L’indice Nikkei de la Bourse de Tokyo a chuté de près de 18% depuis le début de l’année, plombé notamment par les craintes de ralentissement économique aux Etats-Unis et par le net redressement du yen face au dollar, deux facteurs susceptibles de nuire gravement au commerce extérieur nippon.
La crise financière mondiale actuelle est survenue au pire moment pour le Japon, alors que le gouvernement venait déjà de revoir en forte baisse ses prévisions de croissance en raison d’une chute de l’investissement immobilier, due à une nouvelle réglementation draconienne sur la construction.
Le gouvernement a ainsi réduit à +1,3% son estimation de croissance pour l’année 2007-2008, qui s’achève fin mars, contre +2,1% auparavant.
M. Fukui a précisé mardi que, malgré la tourmente financière actuelle et son impact potentiel, il continuait à croire que « le cercle vertueux de croissance de la production, des revenus et des dépenses reste intact » au Japon.
Le Premier ministre, Yasuo Fukuda, a lui aussi lancé un appel au calme. « Bien qu’il y ait quelques faiblesses, j’estime que l’économie de notre pays poursuit sa reprise, le secteur privé pouvant s’appuyer sur la solidité des exportations et de la production », a-t-il affirmé à la Chambre des députés.
Mais rares sont les économistes qui partagent son optimisme.
Aux retombées de la crise des crédits immobiliers à risque aux Etats-Unis (« subprime ») s’ajoutent en effet les prix élevés du pétrole, ainsi qu’une situation de quasi-blocage politique dans l’Archipel qui paralyse toute réforme structurelle.
« La croissance japonaise va probablement trébucher au premier trimestre 2008 », estime Glenn Maguire, économiste en chef pour l’Asie à la Société générale, qui évalue à 72% la probabilité d’une récession cette année.
« La croissance dépend de la demande extérieure, et on craint une détérioration du commerce extérieur à cause du ralentissement de la demande aux Etats-Unis combiné à une appréciation du yen », explique-t-il.
A cette accumulation de problèmes s’ajoute le manque de solutions pour y répondre.

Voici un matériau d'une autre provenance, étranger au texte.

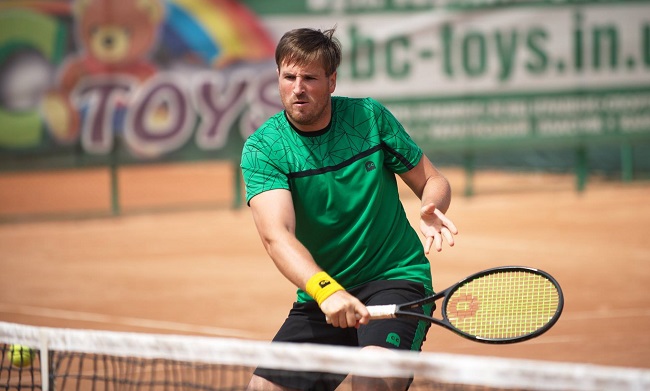 Аптос. Ужиловский снялся во втором сете матча против Коккинакиса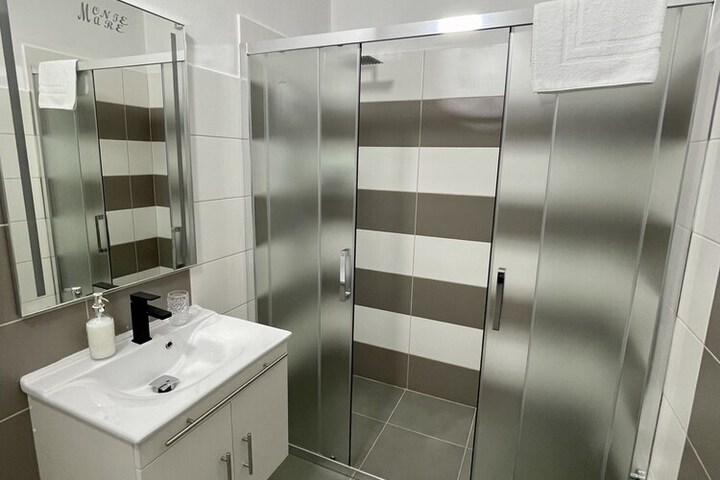 Room 100 of 121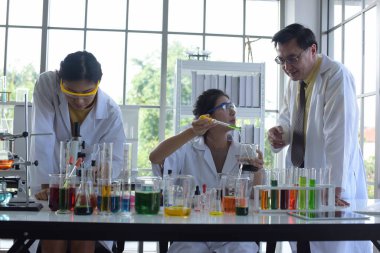 Laboratuvarda çalışan iki bilim adamı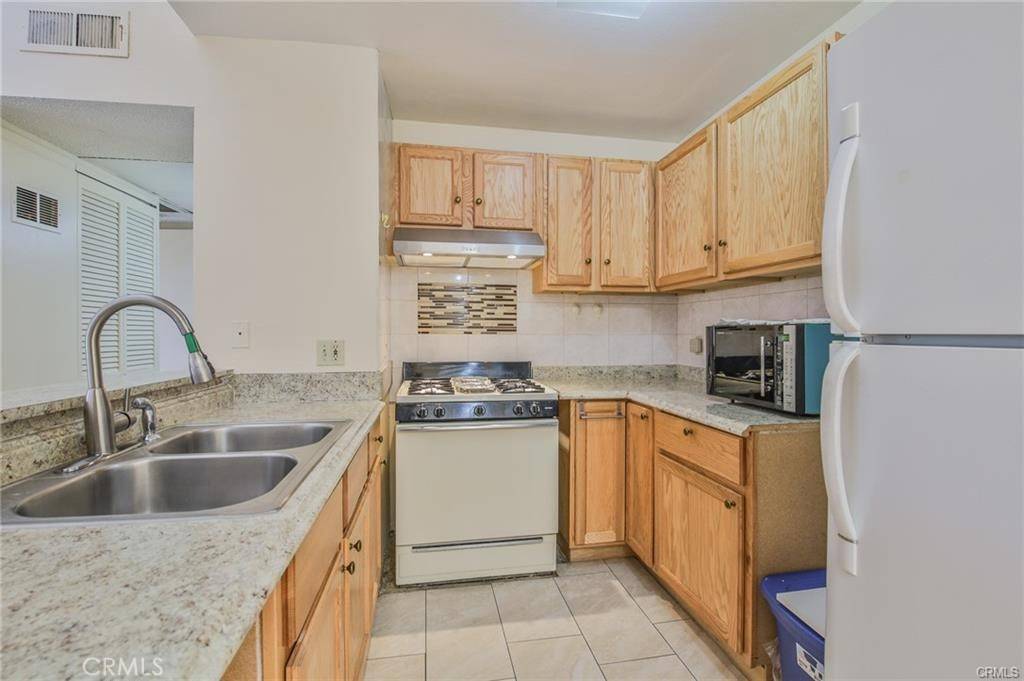 Panorama City, CA 91402,9600 Van Nuys BLVD #206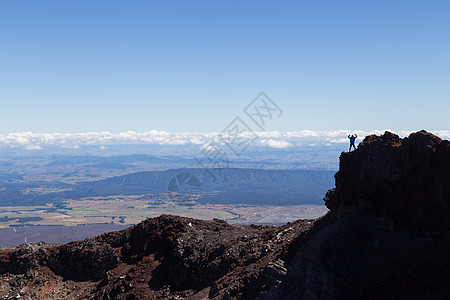 位于恩古鲁霍埃山火山口边缘的人图片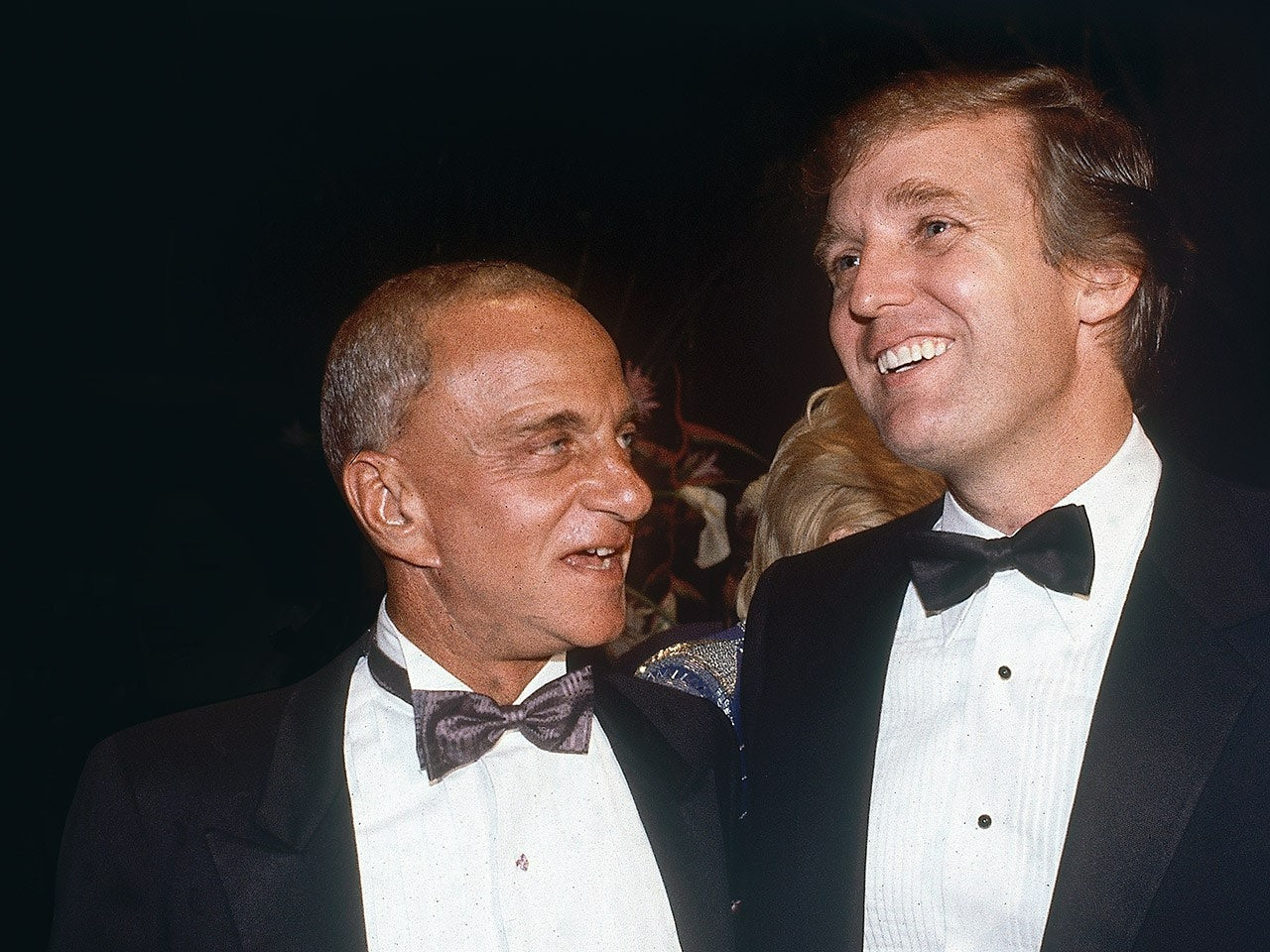 Ông Trump (phải) ở những năm cuối thế kỷ 20.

Avec des taux d’intérêt de seulement 0,50%, la marge de manoeuvre est minime pour la politique monétaire. Et le gouvernement, affaibli politiquement après avoir perdu le contrôle du Sénat en juillet et croulant toujours sous un énorme déficit public, semble peu en mesure de passer à l’action.
« Les marchés sont en train d’entrer dans une situation qui requiert d’une façon ou d’une autre une action politique. On peut dire que le marché a cessé de refléter les fondamentaux pour entrer dans une phase de panique », analysent dans une note les économistes de Barclays Capital à Tokyo.
« Mais dans le cas du Japon, la réalité est qu’il n’y a virtuellement aucun moyen d’y faire face en termes de politique macroéconomique », constatent-ils.
Pour Toshihiro Matsuno, analyste chez SMBC Friend Securities, le plongeon des marchés japonais s’explique « par un effet boule de neige de ventes, par la crainte que les problèmes des marchés financiers américains se répandent dans toute l’économie et, finalement, par l’incapacité des autorités japonaises à faire quoi que ce soit contre cela ».
« La stabilité doit venir des marchés américains. Le Japon ne peut, ou ne veut, pas faire grand chose », soutient-il.